Memorial plaque to be opened in a St.Petersburg barber shop which worked during the city's siege

On Thursday, a memorial plaque was opened in St. Petersburg in commemoration of the hair-dressers who worked in besieged Leningrad during the war, said the RIA Novosti correspondent.

Several hairdressers' and barber shops functioned in the besieged city during the war. The plaque has been put up in one of them situated in house No.54/3 on Nevsky Prospekt. The barber shop began to function on the first floor of a house in the city's main street even before the 1917 revolution and continued to work during the wartime siege - between 1941 and 1944. At present there is a beauty parlour there.

RIA Novosti learned from Sergei Lebedev, a Petersburg historian, that during the years of the blockade among the permanent clients of the barber shop were soldiers going to the front-lines. It was also visited by actors and actresses of the Alexandrinsky theatre and the Musical Comedy which were situated not far from it.

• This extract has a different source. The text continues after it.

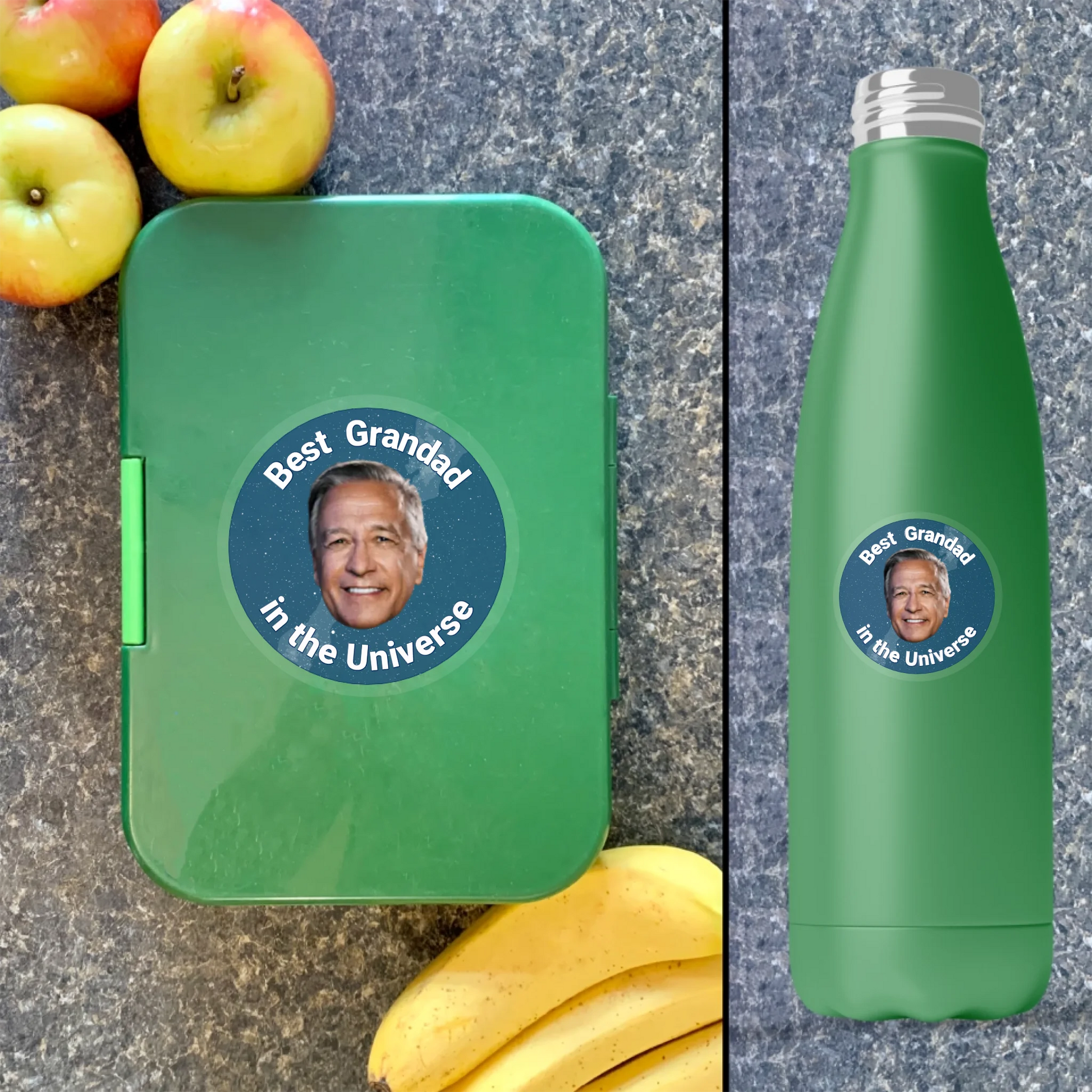 Custom “Best in the Universe” photo sticker on lunchbox and water bottle, personalised gift for loved ones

Lebedev also said that he was personally acquainted with Maria Khodachek who was in charge of the barber shop during the blockade years. Lebedev said Maria told him how she and her colleagues warmed on kerosene stoves the water they brought in pails from a well in the yard, dug trenches and extinguished incendiary bombs.

None of the people who worked in the barber shop during the war are alive now. And the memorial plaque designed by St. Petersburg artist Alexei Kotsyubinsky, will be a reminder of the hard work they were doing during the war.

The words "The work of barbers who worked during the blockade years proved that beauty will save the world."